正面で一礼。今度は右脚から入って、右回り。その際は次の和歌を唱える。

思ふことみなつきねとて麻の葉をきりにきりても祓へつるかな

正面で一礼。最後は左脚から入り、「蘇民将来」と繰り返し唱えながら左回りする。

私も、毎年この作法で茅の輪をくぐる。六月半ばになれば、方々の神社に茅の輪がお目見えするので、あればどこでもやっているが、夏越の祓の当日は、自宅近くの氏神さまへあらためてお詣りすることにしている。 余談であるが、左回りの水無月の〜歌は、拾遺集に詠み人知らずで収められている。特別優れた歌ではないが、縁起が良くて、語呂もこの神事に相応しく覚えやすい。一方、右回りの思ふこと〜の歌は、和泉式部の歌で後拾遺集に収められている。さすがに女流歌人当代一の和泉式部らしく、水無月の夏越の祓にかけて、悩ましげな心境をさらりと詠う。簡単に訳せば、 「私の悩みが尽きてしまえと、水無月の晦日に、麻の葉を細かく切ってお祓いをするわ」 、であろうか。 鬱雨の水無月にかけて、夏越の祓をすることで、天も我もすっきりと晴れないかという願かけにも思われるが、むしろこの歌を詠ずれば澄み渡る天空を彷彿とさせる。

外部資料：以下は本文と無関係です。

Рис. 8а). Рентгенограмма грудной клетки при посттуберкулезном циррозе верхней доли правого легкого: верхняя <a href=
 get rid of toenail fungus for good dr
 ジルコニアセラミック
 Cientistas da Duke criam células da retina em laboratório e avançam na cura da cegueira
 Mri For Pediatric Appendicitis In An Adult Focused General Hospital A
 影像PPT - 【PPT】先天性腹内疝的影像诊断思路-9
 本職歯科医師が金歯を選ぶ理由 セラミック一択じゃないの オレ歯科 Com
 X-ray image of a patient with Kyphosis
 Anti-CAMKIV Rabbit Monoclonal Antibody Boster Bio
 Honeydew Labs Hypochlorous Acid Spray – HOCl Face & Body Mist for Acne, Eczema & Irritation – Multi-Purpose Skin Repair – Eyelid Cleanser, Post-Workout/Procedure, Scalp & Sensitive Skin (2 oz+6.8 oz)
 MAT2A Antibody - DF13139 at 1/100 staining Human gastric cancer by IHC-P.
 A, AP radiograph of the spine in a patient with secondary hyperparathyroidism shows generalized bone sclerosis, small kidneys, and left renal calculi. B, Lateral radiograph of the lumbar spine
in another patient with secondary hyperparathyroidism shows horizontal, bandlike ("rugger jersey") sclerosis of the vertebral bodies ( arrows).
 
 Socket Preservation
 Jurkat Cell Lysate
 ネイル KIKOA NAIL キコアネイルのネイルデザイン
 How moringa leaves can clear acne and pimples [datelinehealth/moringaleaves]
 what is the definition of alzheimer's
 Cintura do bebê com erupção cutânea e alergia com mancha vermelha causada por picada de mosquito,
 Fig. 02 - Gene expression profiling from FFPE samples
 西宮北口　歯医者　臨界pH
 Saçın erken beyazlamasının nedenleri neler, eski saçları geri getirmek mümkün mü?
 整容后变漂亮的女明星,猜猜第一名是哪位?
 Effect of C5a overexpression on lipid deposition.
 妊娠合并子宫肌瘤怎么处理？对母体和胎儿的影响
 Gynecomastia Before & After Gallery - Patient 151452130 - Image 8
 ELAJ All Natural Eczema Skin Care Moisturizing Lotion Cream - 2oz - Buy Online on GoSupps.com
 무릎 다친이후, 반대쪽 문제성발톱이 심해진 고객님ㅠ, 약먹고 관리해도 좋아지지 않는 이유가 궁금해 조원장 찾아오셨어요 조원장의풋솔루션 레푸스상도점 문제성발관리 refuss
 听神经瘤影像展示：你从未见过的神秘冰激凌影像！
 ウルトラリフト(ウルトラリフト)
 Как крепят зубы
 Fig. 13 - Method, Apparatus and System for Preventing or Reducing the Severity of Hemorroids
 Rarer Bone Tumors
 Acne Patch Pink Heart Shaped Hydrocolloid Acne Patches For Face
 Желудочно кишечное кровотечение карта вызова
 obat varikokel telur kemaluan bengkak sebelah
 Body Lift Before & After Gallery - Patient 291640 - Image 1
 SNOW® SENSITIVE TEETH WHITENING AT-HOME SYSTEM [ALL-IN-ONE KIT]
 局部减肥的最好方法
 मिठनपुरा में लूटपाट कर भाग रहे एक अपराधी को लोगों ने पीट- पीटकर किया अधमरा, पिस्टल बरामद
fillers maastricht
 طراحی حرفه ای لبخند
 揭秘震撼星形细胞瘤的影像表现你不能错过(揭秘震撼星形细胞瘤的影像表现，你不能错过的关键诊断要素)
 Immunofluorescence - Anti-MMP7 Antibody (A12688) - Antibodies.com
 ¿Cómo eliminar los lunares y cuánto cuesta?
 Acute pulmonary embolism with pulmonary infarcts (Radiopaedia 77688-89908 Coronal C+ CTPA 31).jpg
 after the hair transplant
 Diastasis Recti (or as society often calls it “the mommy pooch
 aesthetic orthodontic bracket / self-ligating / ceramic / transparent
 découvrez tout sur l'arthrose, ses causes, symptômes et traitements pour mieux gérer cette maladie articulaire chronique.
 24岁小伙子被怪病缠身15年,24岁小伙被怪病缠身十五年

蘇民将来という言葉には様々な説があり、全国各地に似たような神事、儀式があるが、京都八坂神社によれば、スサノオミコト(八坂神社祭神)が南海への旅の途上、一夜の宿を蘇民将来という男に請うた。蘇民将来は貧しいながらも喜んでスサノオを迎え、粟で作った食事で厚くもてなした。蘇民将来の真心を喜ばれたスサノオは、疫病流行の際、「蘇民将来子孫也」と記した護符を持つ者は、疫病より免れしめると約束されたと云う。夏越の祓で唱える蘇民将来も、ここから伝わったものである。八坂神社でも、 今日は夏越の祓が盛大に行われ、大きな茅の輪をくぐることができる。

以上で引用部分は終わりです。